*TASK GOAL:* Some of the lines below need repeating. Reproduce exactly those between the lines holding "ビジネス オフィス ビジネスウーマン 女性 パソコン デザイナー ビジネス" and "Dodge Ram 1500", inclusive.

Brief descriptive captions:

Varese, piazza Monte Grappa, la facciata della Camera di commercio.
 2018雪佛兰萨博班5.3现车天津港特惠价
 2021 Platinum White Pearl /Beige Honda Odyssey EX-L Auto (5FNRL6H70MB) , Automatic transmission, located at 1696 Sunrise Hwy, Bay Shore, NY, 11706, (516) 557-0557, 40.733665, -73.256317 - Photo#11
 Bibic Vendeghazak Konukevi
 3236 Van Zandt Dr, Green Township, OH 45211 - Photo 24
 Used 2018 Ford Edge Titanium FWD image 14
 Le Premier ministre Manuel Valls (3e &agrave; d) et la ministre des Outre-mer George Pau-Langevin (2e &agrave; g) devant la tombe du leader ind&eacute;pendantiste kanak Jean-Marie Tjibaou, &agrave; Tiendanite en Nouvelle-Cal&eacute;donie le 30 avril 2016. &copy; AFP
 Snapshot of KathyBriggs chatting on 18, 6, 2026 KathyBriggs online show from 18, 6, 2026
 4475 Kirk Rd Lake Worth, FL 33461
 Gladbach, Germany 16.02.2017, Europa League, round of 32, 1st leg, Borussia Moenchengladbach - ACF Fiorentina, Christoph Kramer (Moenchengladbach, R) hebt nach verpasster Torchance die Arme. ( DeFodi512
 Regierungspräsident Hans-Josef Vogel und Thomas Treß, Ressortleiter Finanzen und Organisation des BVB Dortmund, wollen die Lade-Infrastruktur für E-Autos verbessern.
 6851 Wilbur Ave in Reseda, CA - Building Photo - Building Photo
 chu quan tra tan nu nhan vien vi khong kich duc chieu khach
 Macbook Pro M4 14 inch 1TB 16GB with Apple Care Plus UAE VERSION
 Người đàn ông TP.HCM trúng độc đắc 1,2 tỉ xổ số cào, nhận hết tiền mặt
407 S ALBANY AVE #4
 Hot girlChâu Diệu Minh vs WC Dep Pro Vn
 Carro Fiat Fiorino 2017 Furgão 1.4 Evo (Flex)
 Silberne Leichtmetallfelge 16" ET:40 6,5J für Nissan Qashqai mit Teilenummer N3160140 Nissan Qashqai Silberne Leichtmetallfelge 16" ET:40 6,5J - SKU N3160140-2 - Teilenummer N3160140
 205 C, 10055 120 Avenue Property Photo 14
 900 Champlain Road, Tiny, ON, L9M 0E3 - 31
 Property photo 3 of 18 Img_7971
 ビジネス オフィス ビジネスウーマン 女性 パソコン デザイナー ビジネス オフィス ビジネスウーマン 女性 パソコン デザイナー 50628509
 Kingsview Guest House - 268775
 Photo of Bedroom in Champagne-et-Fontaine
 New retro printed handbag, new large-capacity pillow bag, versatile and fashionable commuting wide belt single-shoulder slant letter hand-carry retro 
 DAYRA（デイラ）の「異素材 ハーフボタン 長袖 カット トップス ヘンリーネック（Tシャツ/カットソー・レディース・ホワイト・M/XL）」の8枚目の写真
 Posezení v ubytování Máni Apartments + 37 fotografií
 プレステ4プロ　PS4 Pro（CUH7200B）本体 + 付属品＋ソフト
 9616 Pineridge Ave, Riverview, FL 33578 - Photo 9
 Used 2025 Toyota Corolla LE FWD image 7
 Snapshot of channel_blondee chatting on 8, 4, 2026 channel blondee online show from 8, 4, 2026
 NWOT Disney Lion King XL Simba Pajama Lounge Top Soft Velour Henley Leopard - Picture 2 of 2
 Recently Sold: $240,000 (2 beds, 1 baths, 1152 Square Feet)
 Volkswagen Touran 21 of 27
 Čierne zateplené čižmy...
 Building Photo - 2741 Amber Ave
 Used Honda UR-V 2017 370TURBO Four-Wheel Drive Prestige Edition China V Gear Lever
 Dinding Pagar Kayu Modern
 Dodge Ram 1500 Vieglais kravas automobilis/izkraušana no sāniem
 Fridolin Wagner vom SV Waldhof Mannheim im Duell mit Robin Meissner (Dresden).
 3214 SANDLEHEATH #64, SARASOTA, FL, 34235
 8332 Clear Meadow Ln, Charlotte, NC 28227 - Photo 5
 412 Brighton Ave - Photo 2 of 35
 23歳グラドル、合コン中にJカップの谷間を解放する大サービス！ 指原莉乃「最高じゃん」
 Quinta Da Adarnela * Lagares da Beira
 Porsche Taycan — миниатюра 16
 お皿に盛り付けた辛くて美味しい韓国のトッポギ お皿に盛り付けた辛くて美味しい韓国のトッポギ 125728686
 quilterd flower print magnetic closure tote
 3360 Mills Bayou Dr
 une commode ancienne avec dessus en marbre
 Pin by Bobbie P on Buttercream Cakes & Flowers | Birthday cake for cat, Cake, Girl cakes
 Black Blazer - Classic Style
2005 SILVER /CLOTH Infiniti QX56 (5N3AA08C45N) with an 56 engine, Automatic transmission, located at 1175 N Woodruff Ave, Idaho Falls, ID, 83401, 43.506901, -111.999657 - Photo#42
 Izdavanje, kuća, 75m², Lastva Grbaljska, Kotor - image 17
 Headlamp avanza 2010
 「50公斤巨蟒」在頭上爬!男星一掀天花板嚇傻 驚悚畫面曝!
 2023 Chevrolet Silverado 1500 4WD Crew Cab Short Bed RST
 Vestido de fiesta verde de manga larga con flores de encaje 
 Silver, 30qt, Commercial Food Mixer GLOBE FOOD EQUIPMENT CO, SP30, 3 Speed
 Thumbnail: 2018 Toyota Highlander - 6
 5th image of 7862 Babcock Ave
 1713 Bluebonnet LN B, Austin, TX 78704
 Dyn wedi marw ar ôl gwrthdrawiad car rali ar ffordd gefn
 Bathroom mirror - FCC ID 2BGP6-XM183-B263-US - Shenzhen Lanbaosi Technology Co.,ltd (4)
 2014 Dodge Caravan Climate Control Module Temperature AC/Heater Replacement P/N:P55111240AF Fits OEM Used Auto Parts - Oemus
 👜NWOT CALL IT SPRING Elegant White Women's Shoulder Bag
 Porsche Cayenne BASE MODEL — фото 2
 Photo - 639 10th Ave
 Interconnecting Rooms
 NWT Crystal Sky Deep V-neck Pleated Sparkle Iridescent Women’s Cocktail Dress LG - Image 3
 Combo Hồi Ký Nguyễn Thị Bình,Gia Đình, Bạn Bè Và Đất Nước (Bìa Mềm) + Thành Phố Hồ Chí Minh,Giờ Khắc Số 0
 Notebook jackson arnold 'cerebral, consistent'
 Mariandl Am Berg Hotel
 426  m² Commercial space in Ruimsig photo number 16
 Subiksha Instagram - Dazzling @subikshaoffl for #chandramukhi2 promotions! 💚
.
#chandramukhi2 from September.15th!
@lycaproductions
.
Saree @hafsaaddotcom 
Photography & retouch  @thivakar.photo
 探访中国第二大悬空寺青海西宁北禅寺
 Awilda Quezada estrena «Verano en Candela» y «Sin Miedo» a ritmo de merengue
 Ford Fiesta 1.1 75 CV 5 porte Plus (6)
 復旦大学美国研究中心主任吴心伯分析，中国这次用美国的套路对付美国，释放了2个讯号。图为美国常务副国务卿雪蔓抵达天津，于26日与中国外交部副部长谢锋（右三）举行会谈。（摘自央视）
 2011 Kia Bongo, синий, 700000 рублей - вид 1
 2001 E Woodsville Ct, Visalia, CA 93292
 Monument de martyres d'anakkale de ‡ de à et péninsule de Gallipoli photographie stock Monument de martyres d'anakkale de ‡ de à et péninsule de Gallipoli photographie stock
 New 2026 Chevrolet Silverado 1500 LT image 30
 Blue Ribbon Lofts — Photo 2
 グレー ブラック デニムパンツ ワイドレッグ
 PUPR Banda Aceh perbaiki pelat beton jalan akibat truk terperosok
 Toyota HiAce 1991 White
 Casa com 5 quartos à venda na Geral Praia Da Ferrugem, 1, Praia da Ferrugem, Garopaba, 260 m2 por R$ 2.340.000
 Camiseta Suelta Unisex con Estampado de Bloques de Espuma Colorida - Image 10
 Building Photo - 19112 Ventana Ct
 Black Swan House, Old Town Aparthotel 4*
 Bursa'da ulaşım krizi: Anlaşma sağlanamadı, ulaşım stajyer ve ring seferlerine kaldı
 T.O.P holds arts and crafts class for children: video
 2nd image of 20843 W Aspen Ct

*WRITTEN ANSWER:*
 ビジネス オフィス ビジネスウーマン 女性 パソコン デザイナー ビジネス オフィス ビジネスウーマン 女性 パソコン デザイナー 50628509
 Kingsview Guest House - 268775
 Photo of Bedroom in Champagne-et-Fontaine
 New retro printed handbag, new large-capacity pillow bag, versatile and fashionable commuting wide belt single-shoulder slant letter hand-carry retro 
 DAYRA（デイラ）の「異素材 ハーフボタン 長袖 カット トップス ヘンリーネック（Tシャツ/カットソー・レディース・ホワイト・M/XL）」の8枚目の写真
 Posezení v ubytování Máni Apartments + 37 fotografií
 プレステ4プロ　PS4 Pro（CUH7200B）本体 + 付属品＋ソフト
 9616 Pineridge Ave, Riverview, FL 33578 - Photo 9
 Used 2025 Toyota Corolla LE FWD image 7
 Snapshot of channel_blondee chatting on 8, 4, 2026 channel blondee online show from 8, 4, 2026
 NWOT Disney Lion King XL Simba Pajama Lounge Top Soft Velour Henley Leopard - Picture 2 of 2
 Recently Sold: $240,000 (2 beds, 1 baths, 1152 Square Feet)
 Volkswagen Touran 21 of 27
 Čierne zateplené čižmy...
 Building Photo - 2741 Amber Ave
 Used Honda UR-V 2017 370TURBO Four-Wheel Drive Prestige Edition China V Gear Lever
 Dinding Pagar Kayu Modern
 Dodge Ram 1500 Vieglais kravas automobilis/izkraušana no sāniem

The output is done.